A majority of a Ninth Circuit panel reversed, agreeing that the search warrant was deficient but disagreeing with the District Court’s good faith analysis. The affidavit’s “scant and innocuous references” to the defendant did not establish a “fair probability” that evidence of the crime would be found in the location data. There was no basis in the affidavit to support the inference that the Defendant was upset with the victim, that he had motive to commit the crime, and, importantly, that he was in town on the night of the murder.

While the Court agreed with the District Court with respect to the lack of probable cause, the majority here found that the deficiencies in probable cause discussed were “not so stark as to render official belief in the existence of probable cause ‘entirely unreasonable.'”

The majority looked to the fact that the application occurred quickly two days after the murder), the application was lengthy, and it laid out their suspicions about family members. They therefore thought that a reasonable officer could rely on the warrant despite its deficiencies.

The court also looked to the fact that, as of 2012, no Circuit Court had held that the Fourth Amendment was applicable to CSLI data, citing a string of post-2012 cases: United States v. Thompson, 866 F.3d 1149 (10th Cir. 2017), vacated 138 S. Ct. 2706, 201 L. Ed. 2d 1093 (2018); United States v. Stimler, 864 F.3d 253 (3d Cir. 2017), vacated in part by United States v. Goldstein, 902 F.3d 411 (3d Cir. 2018); United States v. Graham, 824 F.3d 421 (4th Cir. 2016) (en banc), abrogated by Carpenter, 138 S. Ct. 2206, 201 L. Ed. 2d 507 (2018); United States v. Carpenter, 819 F.3d 880 (6th Cir. 2016), rev’d 138 S. Ct. 2206, 201 L. Ed. 2d 507 (2018); United States v.

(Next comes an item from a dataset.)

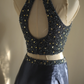 Navy blue halter neck beaded sexy top and long skirt set for a prom dress R6699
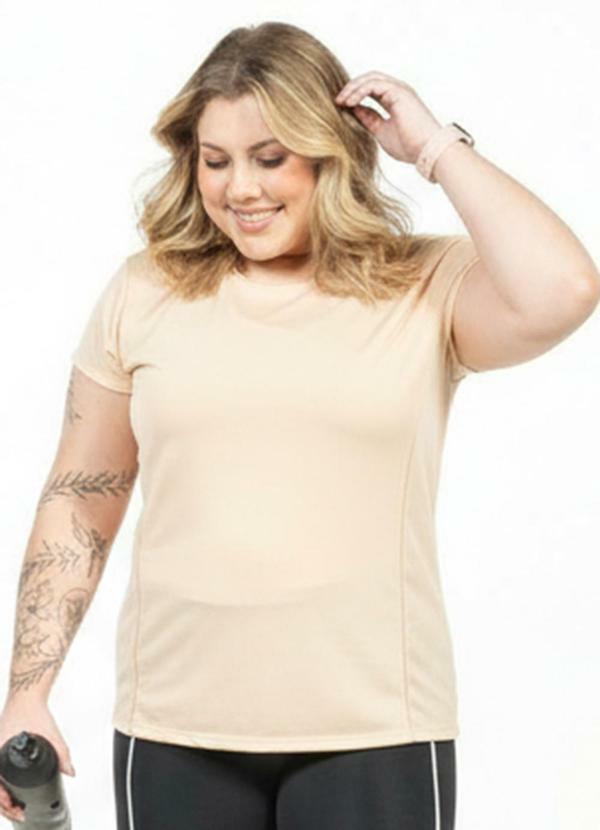 Blusa com Recorte Plus Size Bege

Davis, 785 F.3d 498 (11th Cir. 2015) (en banc), abrogated by Carpenter, 138 S. Ct. 2206, 201 L. Ed. 2d 507 (2018); In re Application of U.S. for Historical Cell Site Data, 724 F.3d 600 (5th Cir. 2013), abrogated by Carpenter, 138 S. Ct. 2206, 201 L. Ed. 2d 507 (2018).

The Ninth Circuit therefore concluded that the prevailing belief in 2012 was that CSLI data was not protected by the Fourth Amendment.

Judge McKeown dissented, agreeing with the District Court that the warrant affidavit for the CSLI so thoroughly lacked probable cause that it was objectively unreasonable for the officer to have relied on it. She found that the the affidavit’s only statement vaguely implicating the defendant was a suggestion that a defendant family member may have been involved in the murder. She found “(c)onspicuously absent was any statement by the officer that he believed that (defendant’s) CSLI would lead to information about the (victim’s) shooting.

She also found Carpenter to be completely irrelevant to the good faith inquiry here. She found that there was no relevant change in law permitting the application of the good faith exception. She noted that the best the Government (and the majority) can claim is a lack of clarity since no appellate precedent has been overruled. She accused the majority of watering down the good faith exception.

The case is United States v. Elmore, 917 F.3d 1068 2019 U.S. App. LEXIS 6507 9th Cir. (March 4, 2019).